Chicken and apple coleslaw
2
Points®
Total time: 20 min • Prep: 15 min • Cook: 5 min • Serves: 4 • Difficulty: Easy
Serve up a colourful medley of crunchy raw vegies and shredded chicken at your next barbie or picnic.


Ingredients
Raw almonds
¼ cup(s), slivered (35g)
97% fat-free cottage cheese
100 g
Dijon mustard
3 tsp
Plain or natural yoghurt, low-fat, no added sugar
½ cup(s), (140g)
Lemon juice
2 tsp
Savoy cabbage
200 g, shredded
Carrot(s)
1 medium, coarsely grated
Red onion
1 small, thinly sliced
Cooked skinless chicken breast
280 g
Red apple, unpeeled
1 large, cored, cut into thin wedges
Fresh flat-leaf parsley
½ cup(s), coarsely chopped
Instructions
1
Preheat oven to 180°C or 160°C fan-forced.
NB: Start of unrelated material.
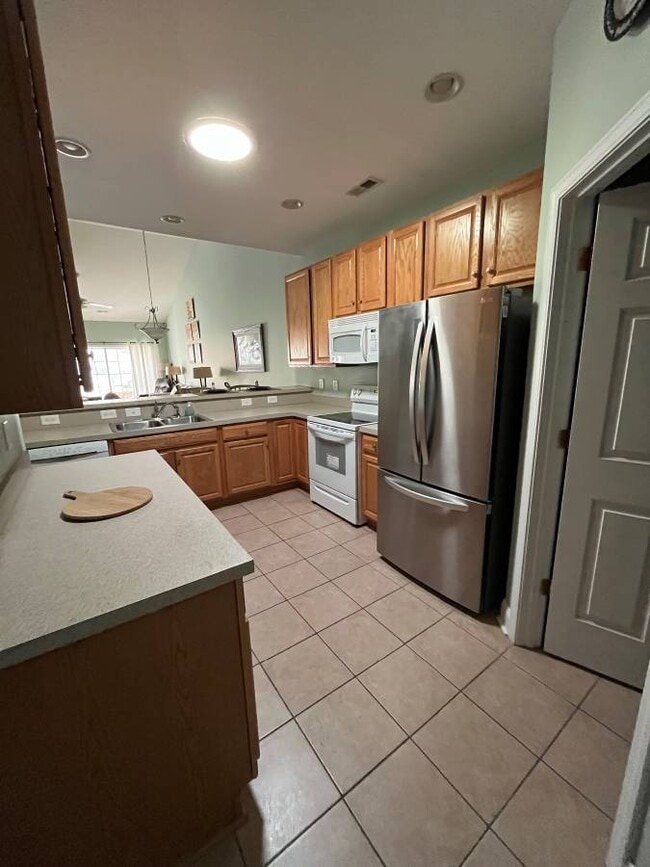 Building Photo - 620 Misty Hammock Dr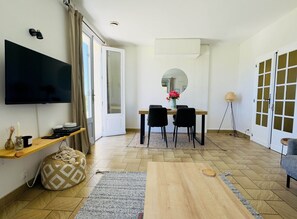 Interior - Charming cottage with pool, air-Con, views & high speed WiFi (La Sauvetat-du-Dropt)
Place almonds on a baking tray and bake for 5 minutes or until toasted.
2
Combine cottage cheese, mustard, yogurt and juice in a small bowl. Season with salt and freshly ground black pepper. Place cabbage, carrot, onion, chicken, apple and parsley in a large bowl. Add the cottage cheese mixture and toss to combine.
3
Arrange coleslaw on a large serving platter and sprinkle with toasted almonds. Serve.